HOW TO COMPLETE THIS TASK
Starting with the line that includes "The first thing", write out every remaining line of the records below exactly as it appears, leaving out any images.

Stored data:
⟨
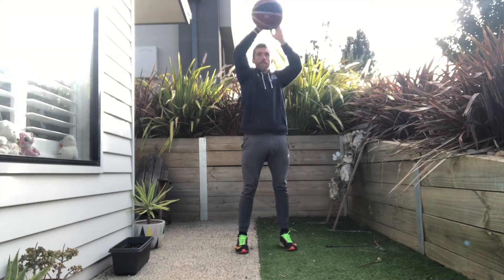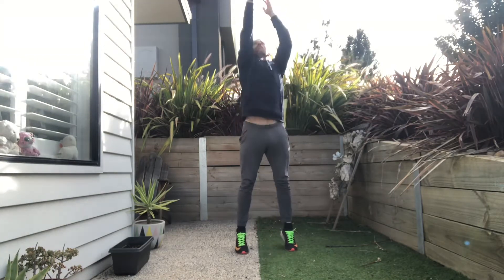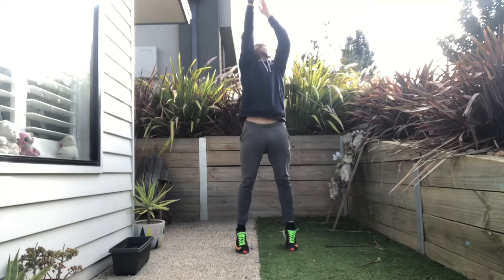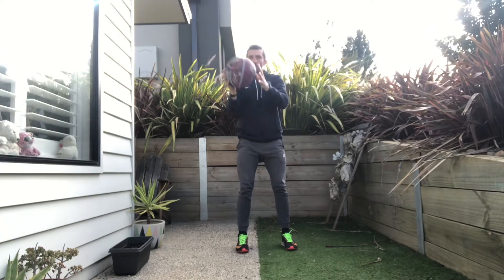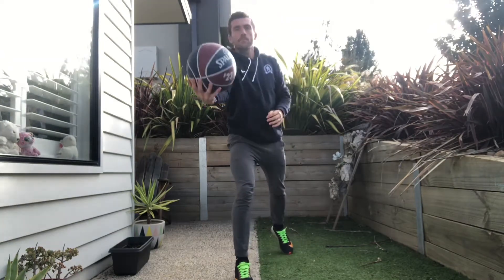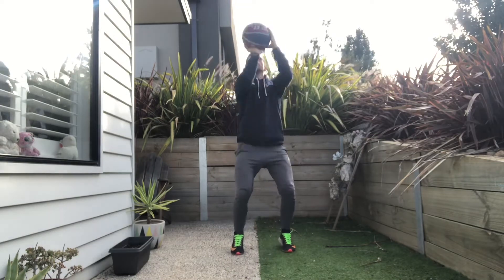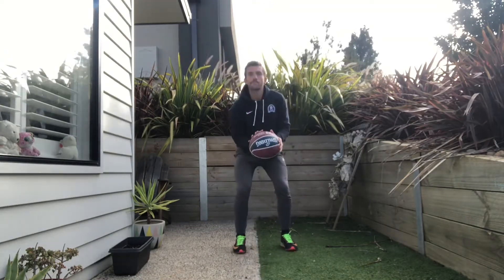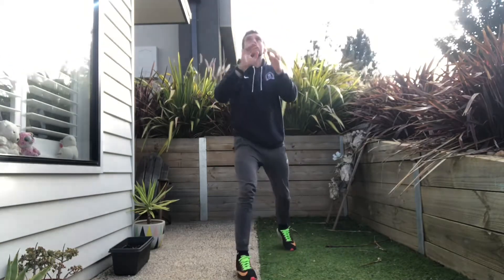From there you're going to get into your shooting position and simply shoot the ball up above your head so that it lands directly on that straight line in front of you. By imparting some backspin the ball should spin slightly back towards you so you don't have to go chasing it. Practice this as many times as you can until you can hit that line every time.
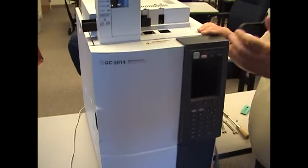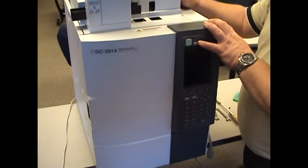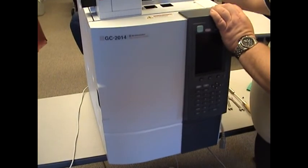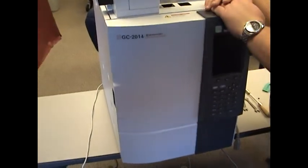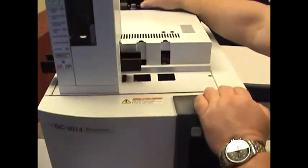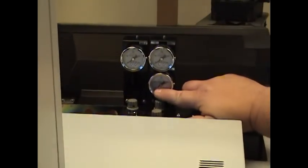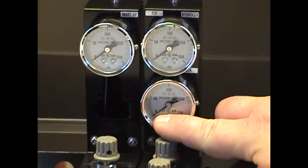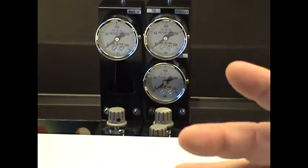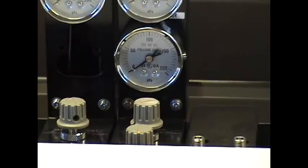The first thing you do is back out of your software and cool down the instrument, especially the detector. Make sure the flame is off. A lot of folks will think they've turned the flame off, but it doesn't happen. What I like to do, if you have air, is make sure I turn the air down to zero on the instrument and wait about ten seconds — that'll kill the flame. Let the rest of the instrument cool down, turn off your gases, and then you can turn off the instrument.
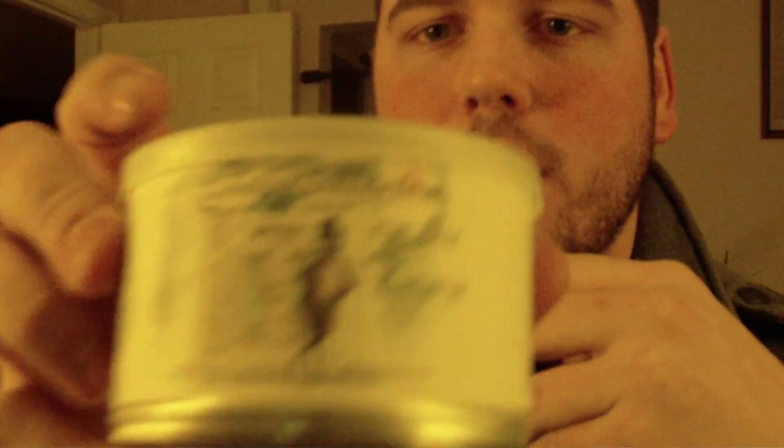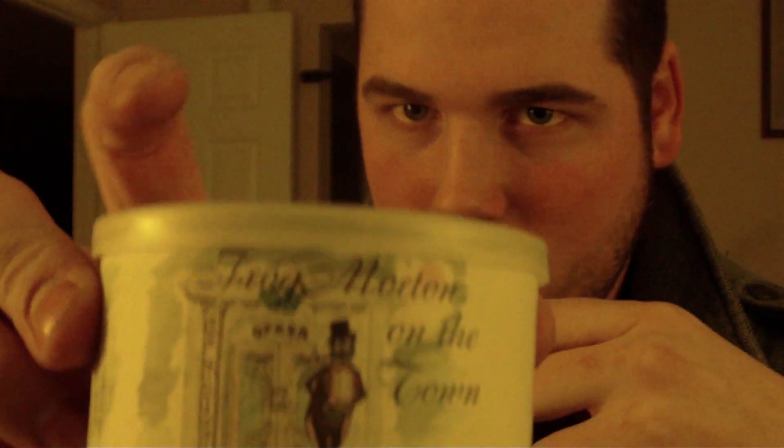I'm actually smoking one of those blends in my Ilsepo — my horn shape here. In it, I'm smoking Frogmoreton on the Town. Now this was one of my very first English blends, and I bought this blend because the Frogmoreton series is so very popular.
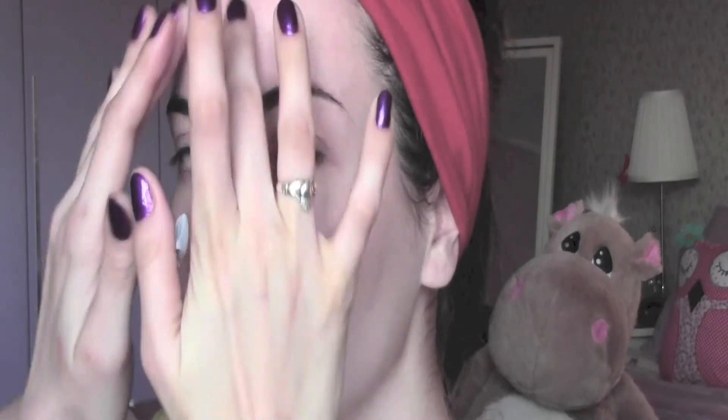This was my sister before starting the makeup and this is her after — I hope you like it guys! If you do, please give me a thumbs up, share the video, and don't forget to subscribe to my channel. Thank you for watching and see you in the next one.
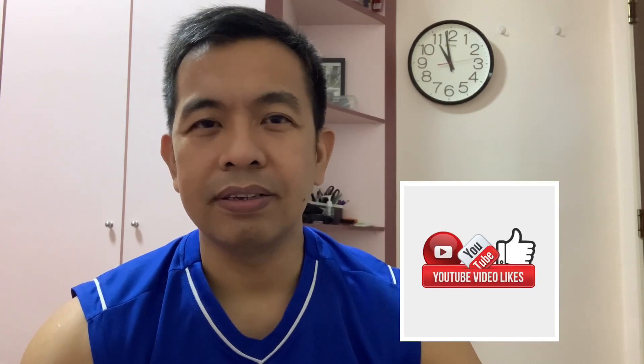Nakita nyo na. Thank you for watching. I hope you like the video for the DIY. Don't forget to like, subscribe, and share my YouTube channel.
⟩
RESULT
The first thing you do is back out of your software and cool down the instrument, especially the detector. Make sure the flame is off. A lot of folks will think they've turned the flame off, but it doesn't happen. What I like to do, if you have air, is make sure I turn the air down to zero on the instrument and wait about ten seconds — that'll kill the flame. Let the rest of the instrument cool down, turn off your gases, and then you can turn off the instrument.
I'm actually smoking one of those blends in my Ilsepo — my horn shape here. In it, I'm smoking Frogmoreton on the Town. Now this was one of my very first English blends, and I bought this blend because the Frogmoreton series is so very popular.
This was my sister before starting the makeup and this is her after — I hope you like it guys! If you do, please give me a thumbs up, share the video, and don't forget to subscribe to my channel. Thank you for watching and see you in the next one.
Nakita nyo na. Thank you for watching. I hope you like the video for the DIY. Don't forget to like, subscribe, and share my YouTube channel.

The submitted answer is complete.